Up early and packing things away. Have towel dried the tent and waiting for it to fully dry as I eat my breakfast. Then the heavens open and it is a truly soaking tent that gets put away. There is still no sign of anyone to pay and the site wardens are not up. Guiltily I leave but they have my number and I can transfer fee from home. I ring home and Alf has not been his usual self and the feeling of powerlessness is overwhelming. I know Jayne is having to sort all these issues out.
I start riding in the rain again. Lots of little villages on the way which give you small targets to aim at. I get to Sheriff Huton PO and stores and decide to stock up on food for the day. For those of you who were concerned I carry enough food for two days so I should never be hungry. Barry the owner quizzes me where I’m going and why? Ummm yes why…. soaked most of the time, cooked the rest…..why?

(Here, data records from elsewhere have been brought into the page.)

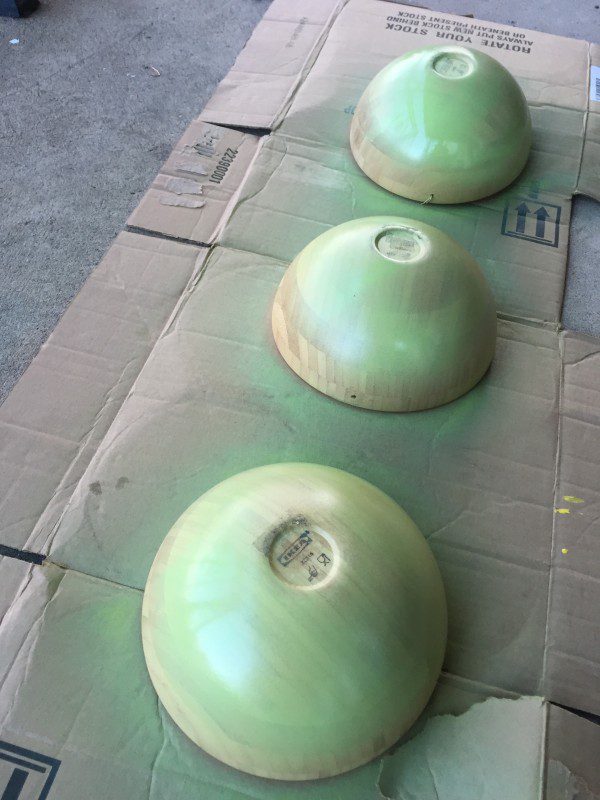 I dusted a few coats of green spray paint on the wood bowls for the witch's faces.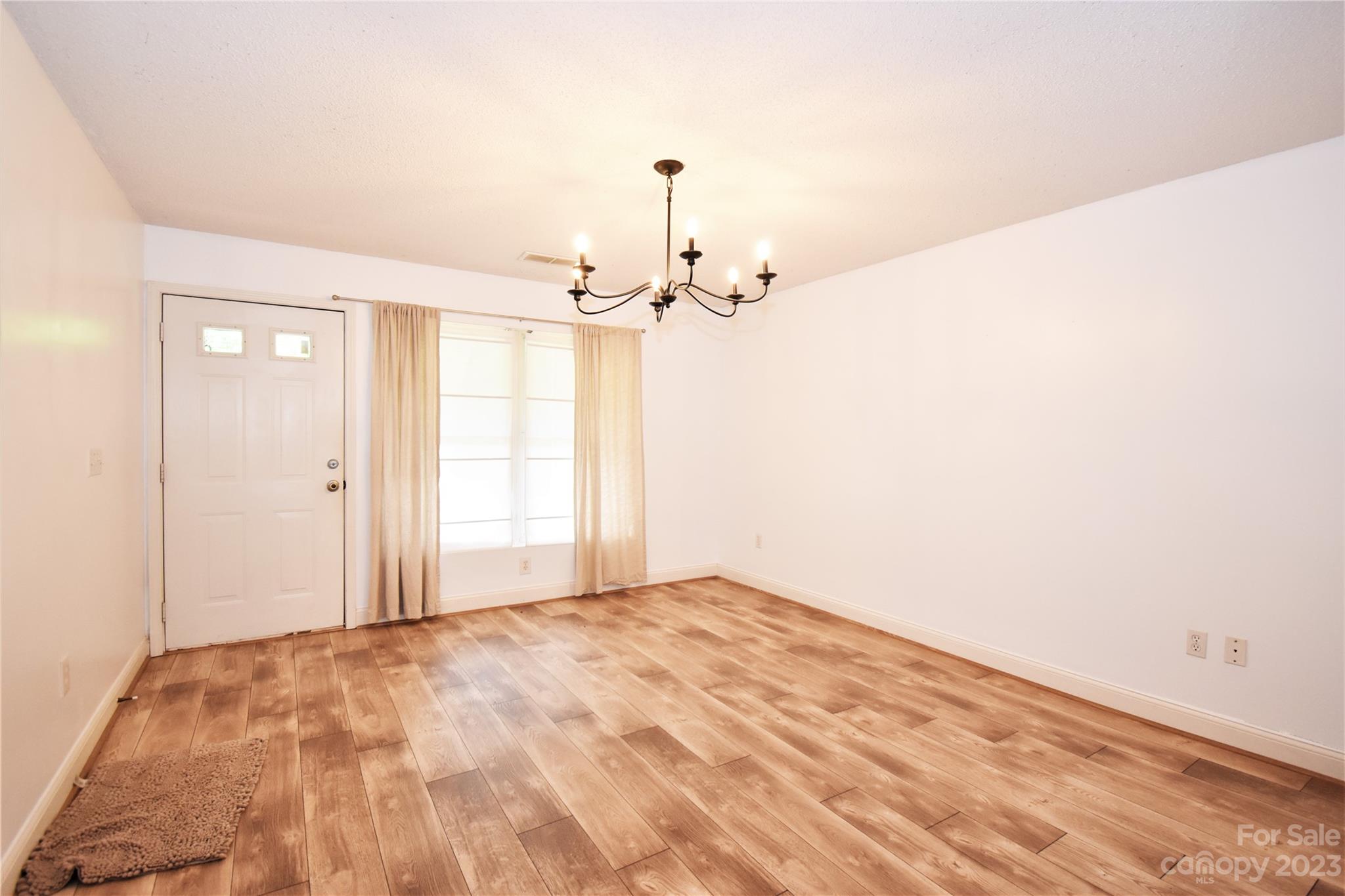 7 Krista Circle, Unit E Candler, NC 28715 - Photo 4 of 24 a view of a bedroom with wooden floor and fan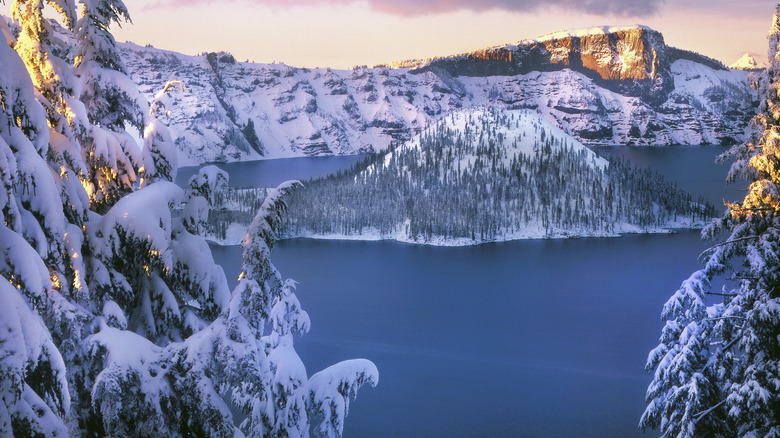 Deep blue lake with a snowy white volcanic bacdrop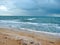 The unsurpassed beauty of the sea coast against the background of rain clouds during a thunderstorm.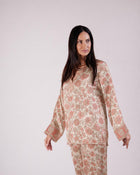 1. Front view of the Soleia peach and nude silk top showing its long sleeves and print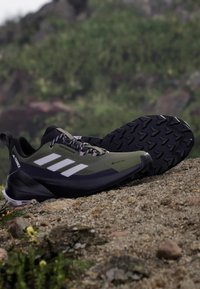 Zapatillas verdes de exterior con detalles en negro, que cuentan con tres rayas blancas, suela texturizada y parte superior transpirable con cordones.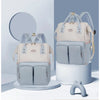 Sac à langer à dos coloris bleu et crème présenté sous deux angles - Bébé Lova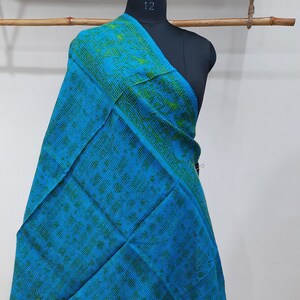 May include: A blue and green kantha shawl with a floral pattern. The shawl is draped over a mannequin.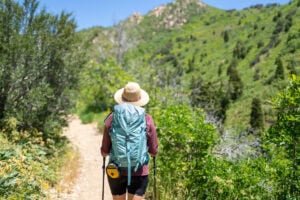 Alaina Hermiston hiking away from the camera wearing the deuter trail 28 sl backpack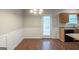 Cozy dining area adjacent to kitchen with a round table and stylish wainscoting, with access to the outdoors at 5341 Terrytown Ln, Lithonia, GA 30038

11.30 I make it Coxwolf and the pub is open. ‘Can I come in I’ m dripping?’
Annalise the owner says I can drip on there floor anytime. They don’t do food until 12 but will make me something now. Mandy goes off and fetches me a towel and I dry myself off and sit on it so as not to soak their chair. Mandy makes me laugh when she asks what type of rain, the mistly sort that gets you wet? Peter Kaye sketch springs to mind. A really charming pub with a warm welcome.
I’m noticing on the hills I’m now in the middle ring more so I’m obviously becoming stronger the more I ride. Jayne calls and says it’s 24 degrees and sunny. I wipe the rain from my glasses and smile. Believe that if you will 🙂
12.30 the rain does stop and it’s getting warmer.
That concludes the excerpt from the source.